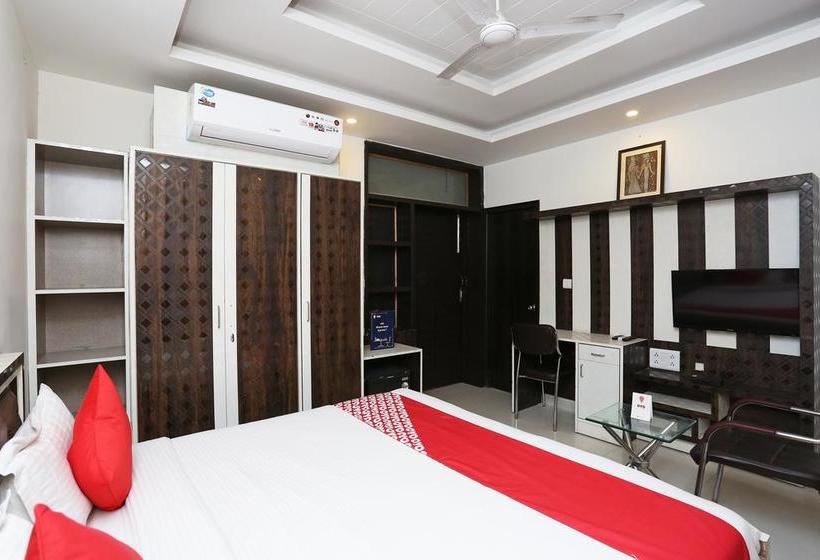 Hotel OYO 10928 Krishna Kunj 12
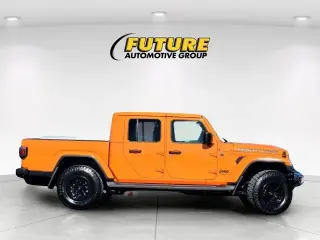 Jeep Gladiator 2025 4x4 Sport 4dr Crew Cab 5.0 ft. SB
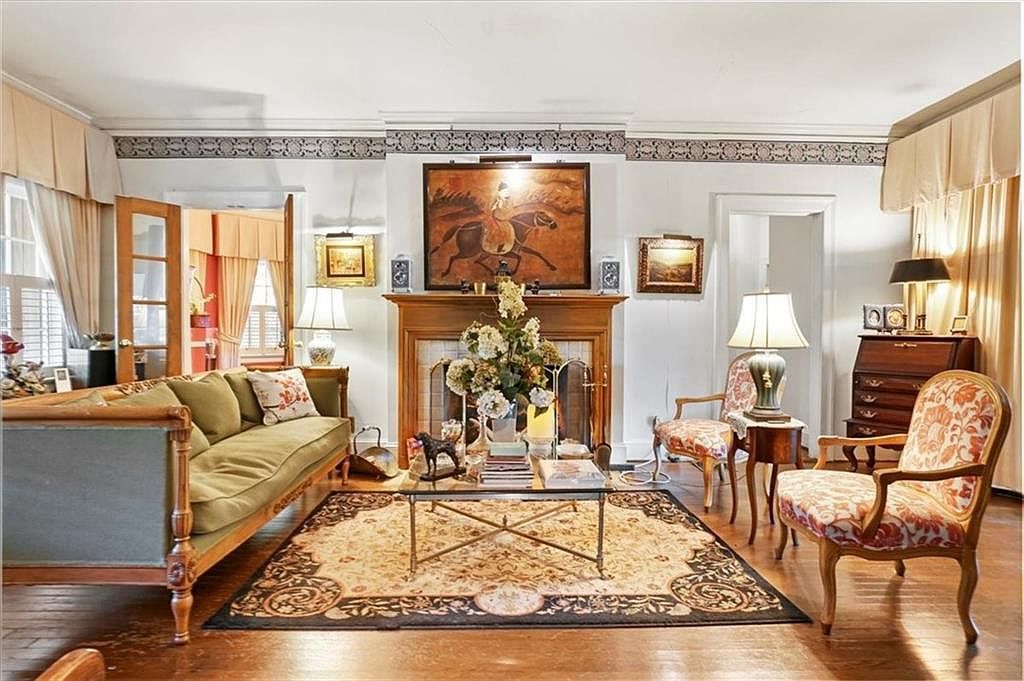 3061 Peachtree Dr NE Atlanta, GA 30305 - Thumbnail 4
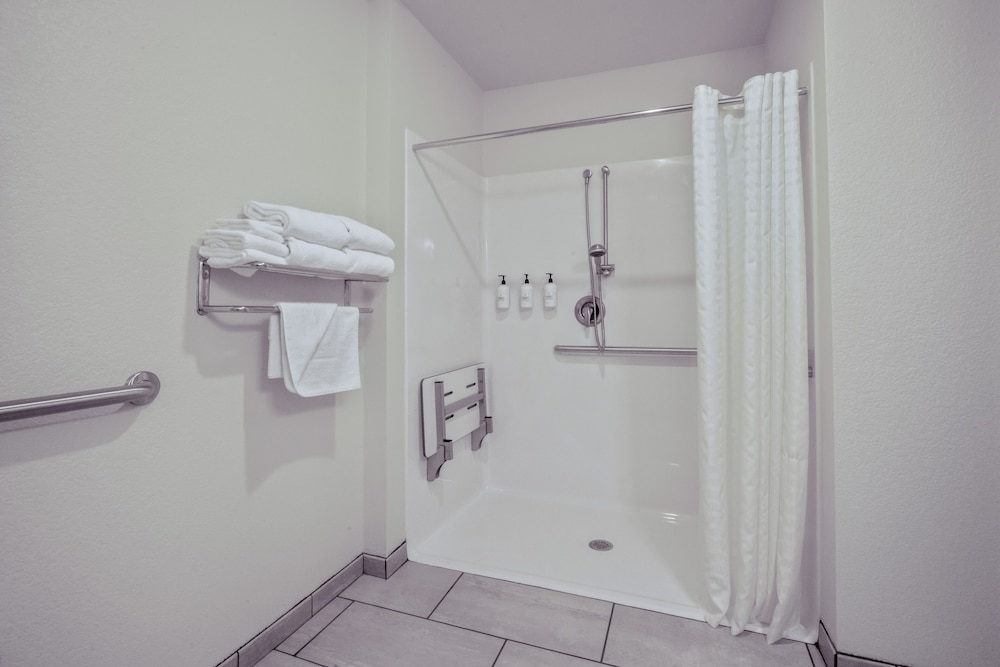 Room, 1 King Bed, Accessible, Non Smoking (Guestroom Audible/Visual Alert) - Photo 3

========================================================================

What the task requires:
Write out exactly the lines beginning with the line that holds "Jeep Gladiator 2025" and ending with the final line of the data, both ends included, without the pictures.

Answer:
 Jeep Gladiator 2025 4x4 Sport 4dr Crew Cab 5.0 ft. SB
 3061 Peachtree Dr NE Atlanta, GA 30305 - Thumbnail 4
 Room, 1 King Bed, Accessible, Non Smoking (Guestroom Audible/Visual Alert) - Photo 3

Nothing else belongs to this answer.